Quantum dots as parafermion detectors

TL;DR

This paper demonstrates how quantum dots can be used to detect parafermionic zero modes in strongly correlated topological systems, providing a practical method to identify non-trivial phases.

Contribution

It introduces a novel approach combining numerical and analytical methods to identify parafermionic zero modes via quantum dot properties.

Findings

Quantum dot spectral function reveals zero modes.

Occupation numbers distinguish topological phases.

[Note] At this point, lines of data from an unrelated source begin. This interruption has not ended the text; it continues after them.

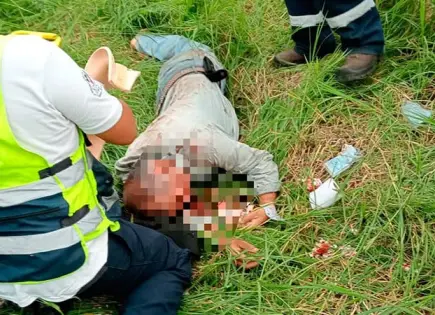 Motociclista pierde la vida al sufrir accidente
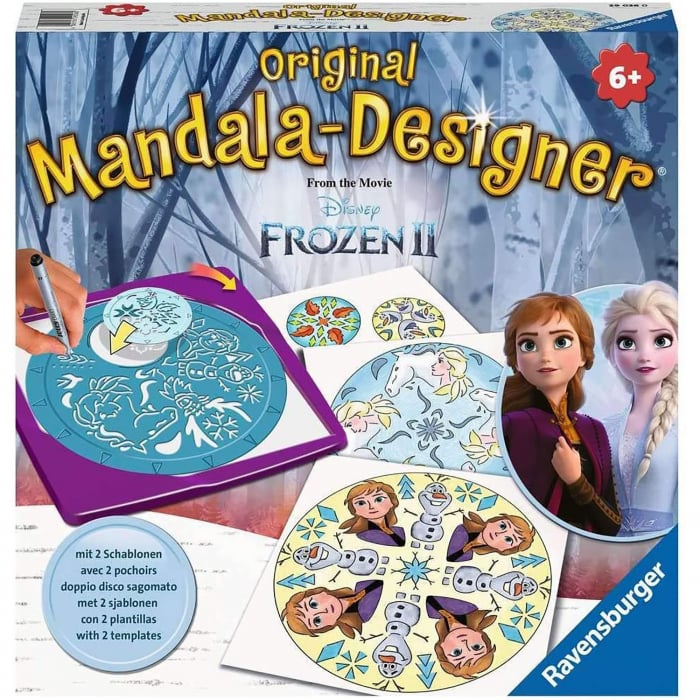 Ravensburger Mandala Frozen II - Creatie Magica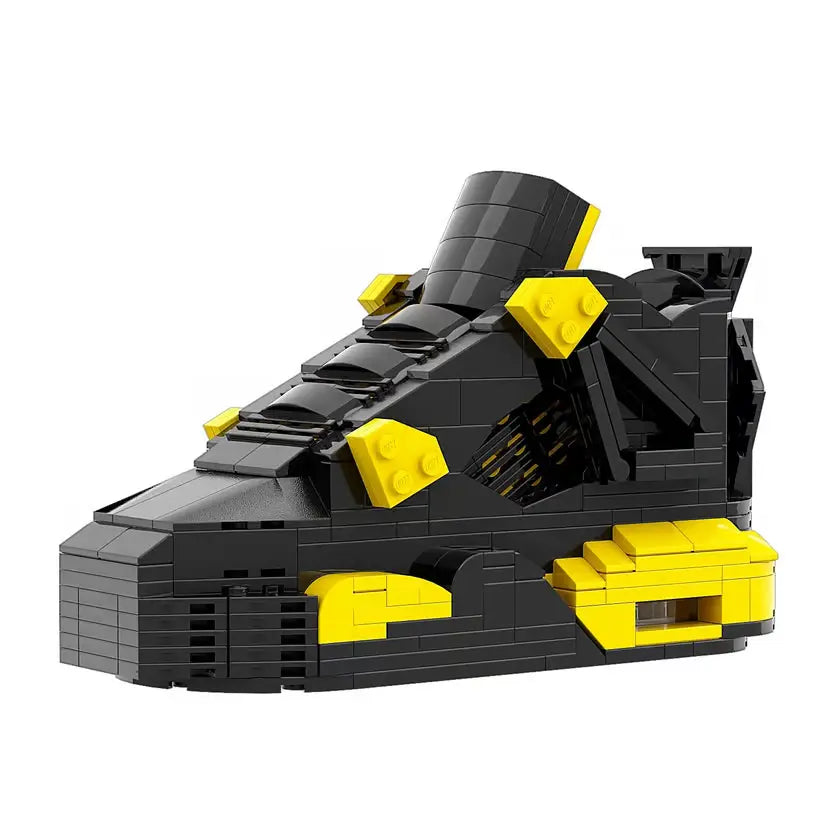 【Thunder】Jordan 4 Bricks/Building Blocks/None Lego But Compatible image 1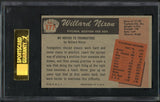 1955 Bowman Baseball #177 Willard Nixon Red Sox SGC 86 NM+ 474984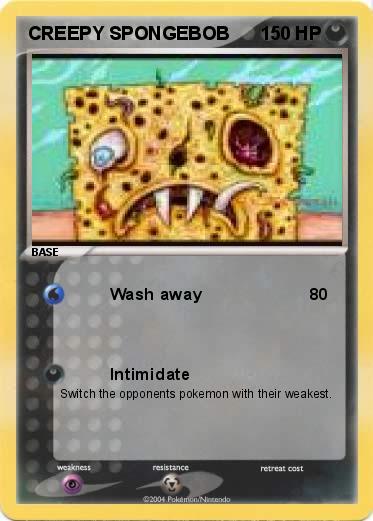 Pokemon CREEPY SPONGEBOB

Method applicable to strongly correlated systems.

Abstract

Parafermionic zero modes, $\mathbb{Z}_n$-symmetric generalizations of the well-known $\mathbb{Z}_2$ Majorana zero modes, can emerge as edge states in topologically nontrivial strongly correlated systems displaying fractionalized excitations. In this paper, we investigate how signatures of parafermionic zero modes can be detected by its effects on the properties of a quantum dot tunnel-coupled to a system hosting such states. Concretely, we consider a strongly-correlated 1D fermionic model supporting $\mathbb{Z}_4$ parafermionic zero modes coupled to an interacting quantum dot at one of its ends. By using a combination of density matrix renormalization group calculations and analytical approaches, we show that the dot's zero-energy spectral function and average occupation numbers can be used to distinguish between trivial, $\mathbb{Z}_4$ and $2\times \mathbb{Z}_2$ phases of the system. The present work opens the prospect of using quantum dots as detection tools to probe non-trivial topological phases in strongly correlated systems.